C’est très variable selon les périodes. Francis Berthelot reste une constante depuis que j’ai découvert sa plume, j’aime beaucoup également ce qu’écrivent Silène Edgar, Cindy Van Wilder et Nadia Coste, mes amies et auteures. Estelle Faye s’y fait également une bonne place depuis quelques mois.
En plus ancien ou plus lointain, il y a bien sûr Barjavel, Camus, Murakami, Suzanne Collins, Marguerite Yourcenar, Prévert, …
Je suis à vrai dire incapable de faire une liste précise !
• Les livres jeunesse qui t’ont marquée chez les autres ?
Outre les auteurs déjà cités : Coda d’Emma Trevayne, L’Accident d’Agnès Aziza, Le Parloir d’Eric Sanvoisin… Là aussi, difficile de faire une liste, il y en a trop !
Ta bibliothèque,
* quelle est-elle ? Comment sont ces livres, Beaux livres, poches… genres ? Où sont-ils rangés ? Comment sont-ils classés ?
Comment les achètes-tu ?
Elle déborde ! Il y a surtout des romans de l’imaginaire, quelques étages de classiques aussi, une étagère rien que pour les romans des copines, une autre pour le boulot.
Ils sont classés par collections (c’est joli !) et, depuis peu, en lu/pas lu (grossière erreur : j’ai trois étagères de livres à lire et je culpabilise chaque fois que j’en achète un nouveau maintenant).
Je les achète surtout sur conseil des copines qui ont les mêmes goûts que moi, et en salon du livre, vu que j’en fais beaucoup et que résister à acheter le livre d’un auteur avec qui on a bien discuté est très difficile !
Il y a aussi plein de bibelots sur ma bibliothèque : j’aime bien la sentir vivante, comme autant de souvenirs de vies que j’ai vécues pendant quelques heures.
• Quel est le livre sur table de chevet ?
La Voie des Oracles d’Estelle Faye (plus pour longtemps, je l’ai presque fini !), un excellent roman d’aventure qui propose la quête initiatique d’une des dernières oracles pendant le déclin de l’Empire Romain, en Gaule.
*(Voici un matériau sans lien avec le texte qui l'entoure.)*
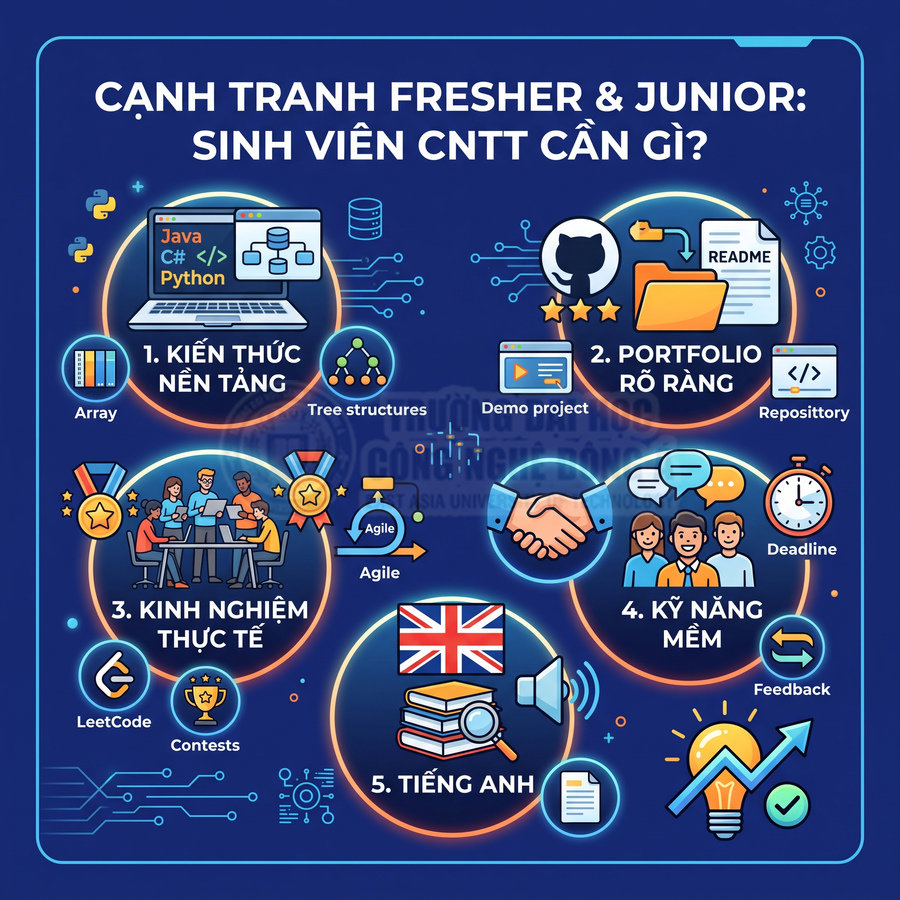 Infographic kỹ năng cần có cho sinh viên CNTT để cạnh tranh fresher và junior trong ngành lập trình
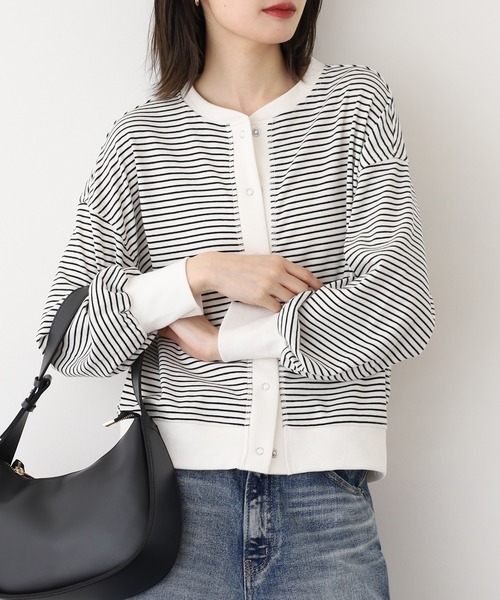 OMNES（オムネス）の「リブボリューム袖カーディガン長袖（カーディガン/ボレロ・レディース・ラベンダー/アイボリー/ホワイト×ブラック・FREE）」の9枚目の写真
Une vraie réussite que je vous conseille !
• Quels sont les auteurs qui t’ont influencée ? Pourquoi ? Que leur as-tu emprunté ?
Francis Berthelot, pour sa plume à la fois poétique et fluide, ses romans où tout fait sens, jusque dans la structure même des chapitres.
Silène, pour sa façon de parler du cœur en toute simplicité.
Suzanne Collins et son Hunger Games qui m’a tellement émue et m’a fait tellement réfléchir à la fois.
Et tant d’autres !
• Si tu avais un auteur à qui écrire, lequel serait-ce ? Et que lui écrirais-tu ?
Sans doute Suzanne Collins, puisque j’ai eu la chance de parler aux deux autres que je viens de citer. Je lui écrirais tout ce que ses romans m’ont apporté, à quel point ils font écho à la femme et à l’auteure que je suis, avec leurs qualités et leurs défauts.